- [TASK STATEMENT]
Word for word, copy the data that follows and skip its pictures.

- [Scraped caption text data]

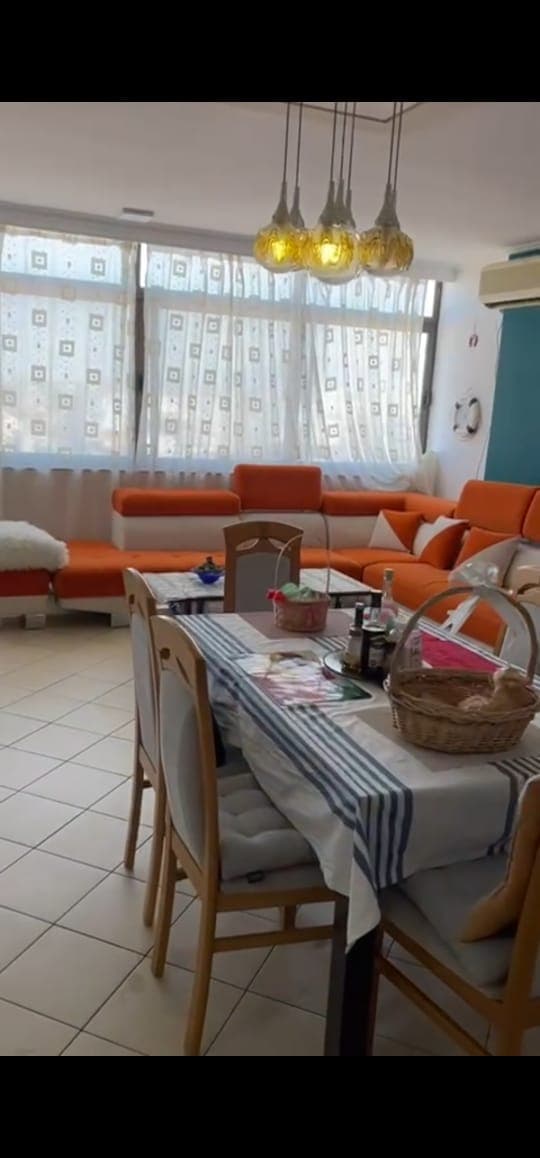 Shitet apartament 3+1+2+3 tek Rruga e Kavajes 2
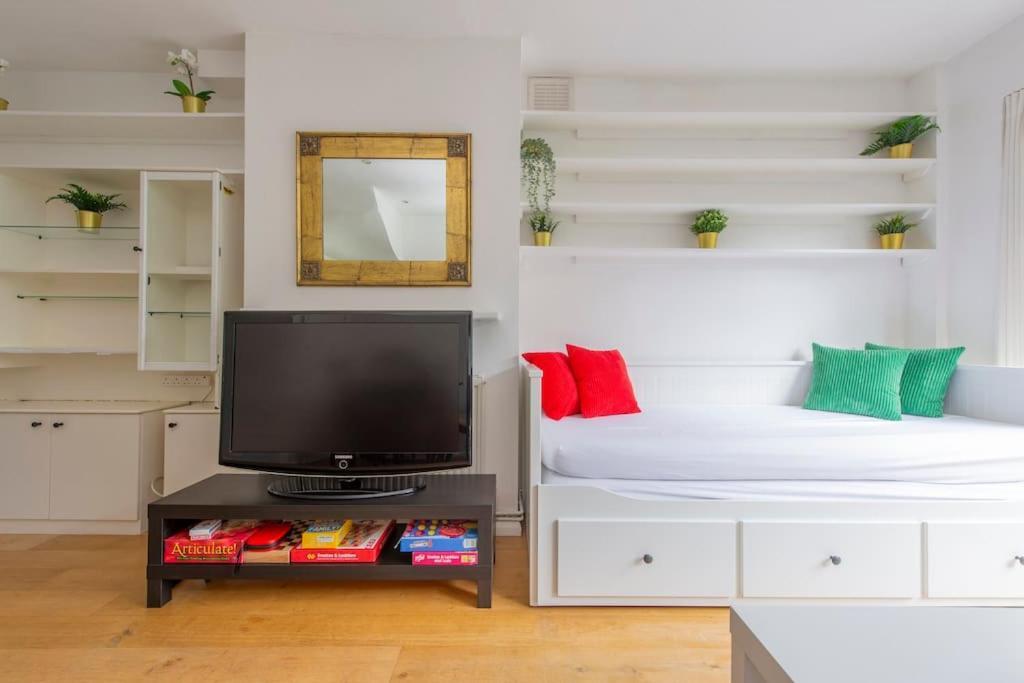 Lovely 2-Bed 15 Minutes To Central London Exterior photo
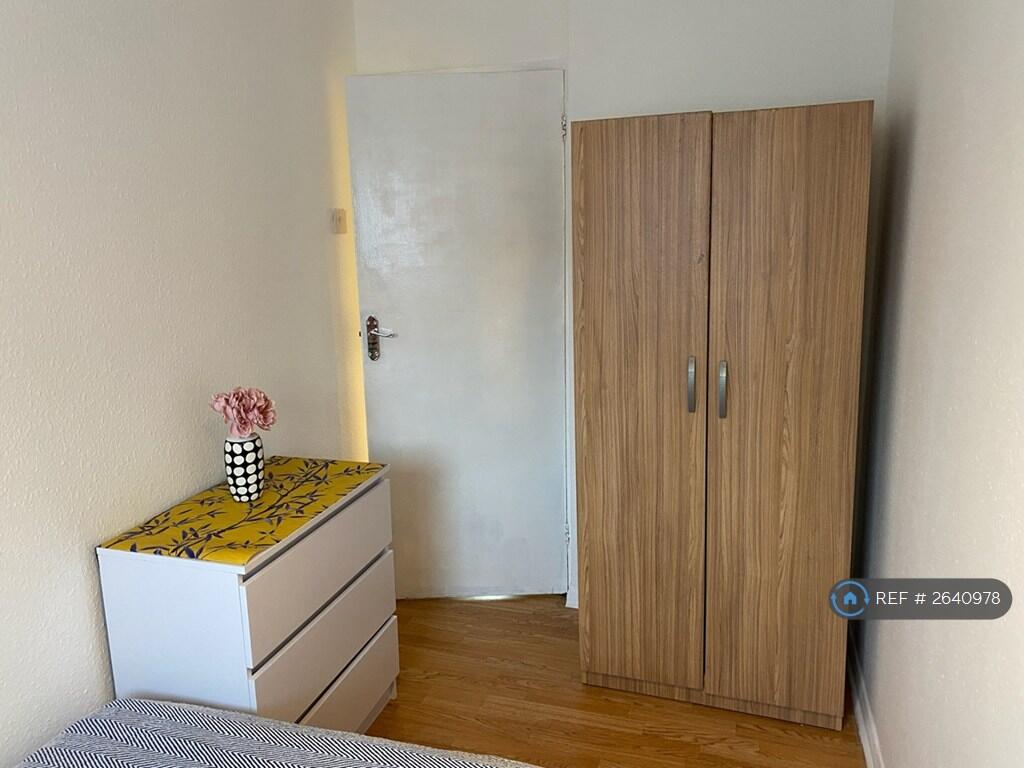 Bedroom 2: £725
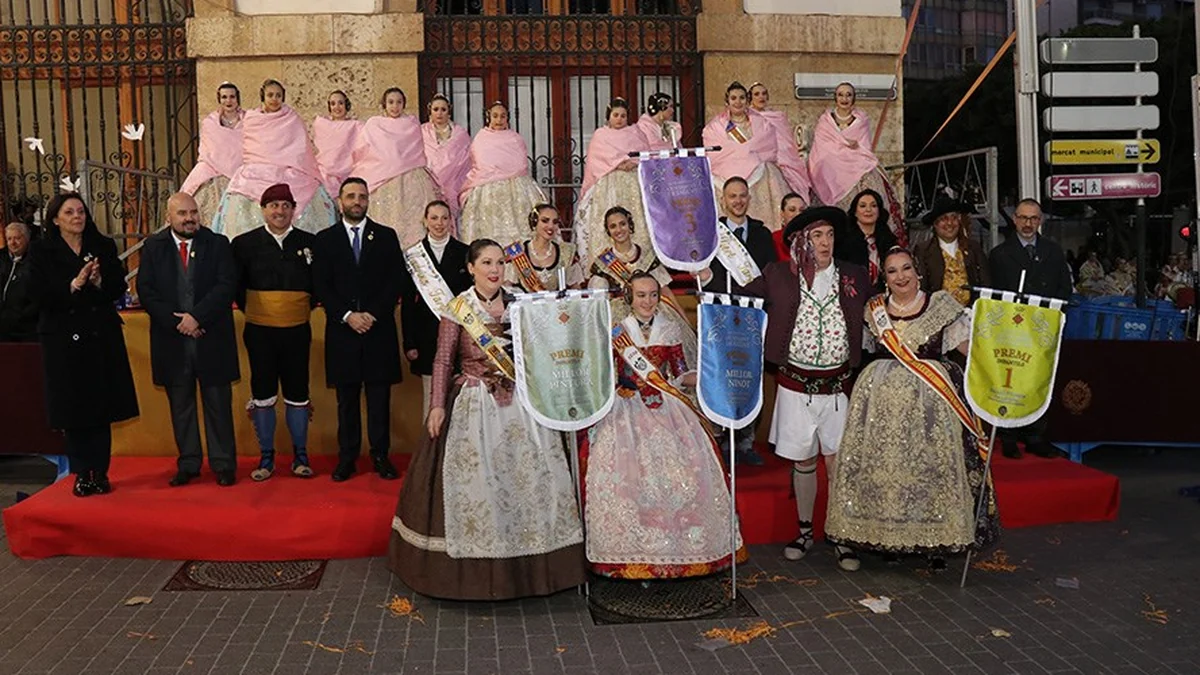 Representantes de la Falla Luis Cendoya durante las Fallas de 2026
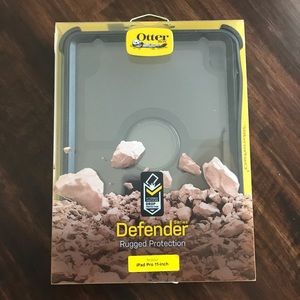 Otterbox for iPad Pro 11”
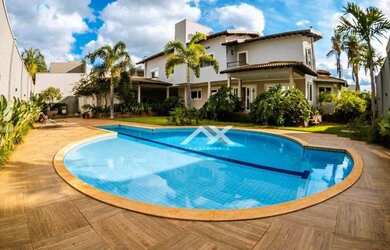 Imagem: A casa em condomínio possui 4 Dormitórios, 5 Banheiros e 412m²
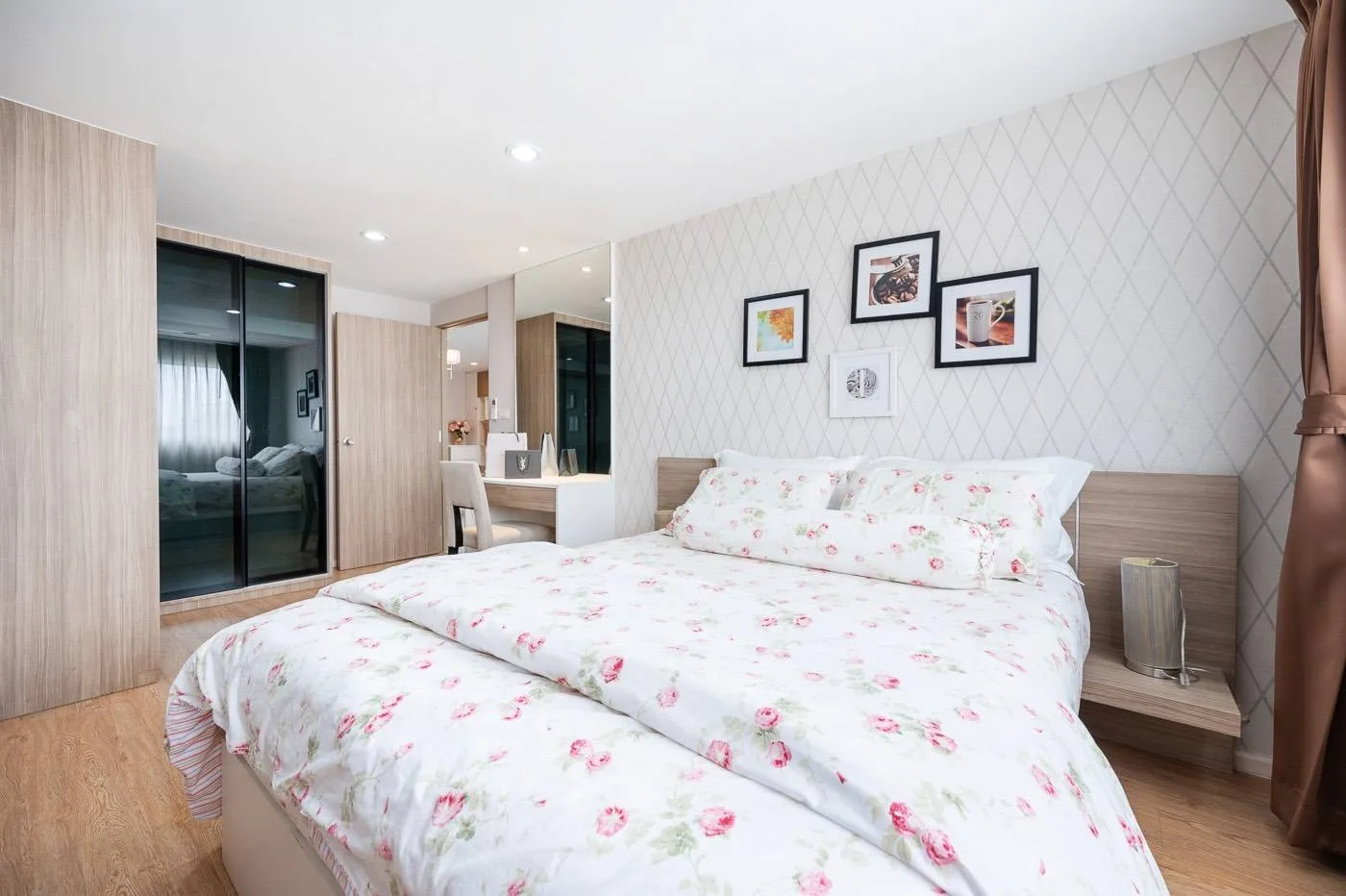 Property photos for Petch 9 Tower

- [RESULT OF THE TASK]
 Shitet apartament 3+1+2+3 tek Rruga e Kavajes 2
 Lovely 2-Bed 15 Minutes To Central London Exterior photo
 Bedroom 2: £725
 Representantes de la Falla Luis Cendoya durante las Fallas de 2026
 Otterbox for iPad Pro 11”
 Imagem: A casa em condomínio possui 4 Dormitórios, 5 Banheiros e 412m²
 Property photos for Petch 9 Tower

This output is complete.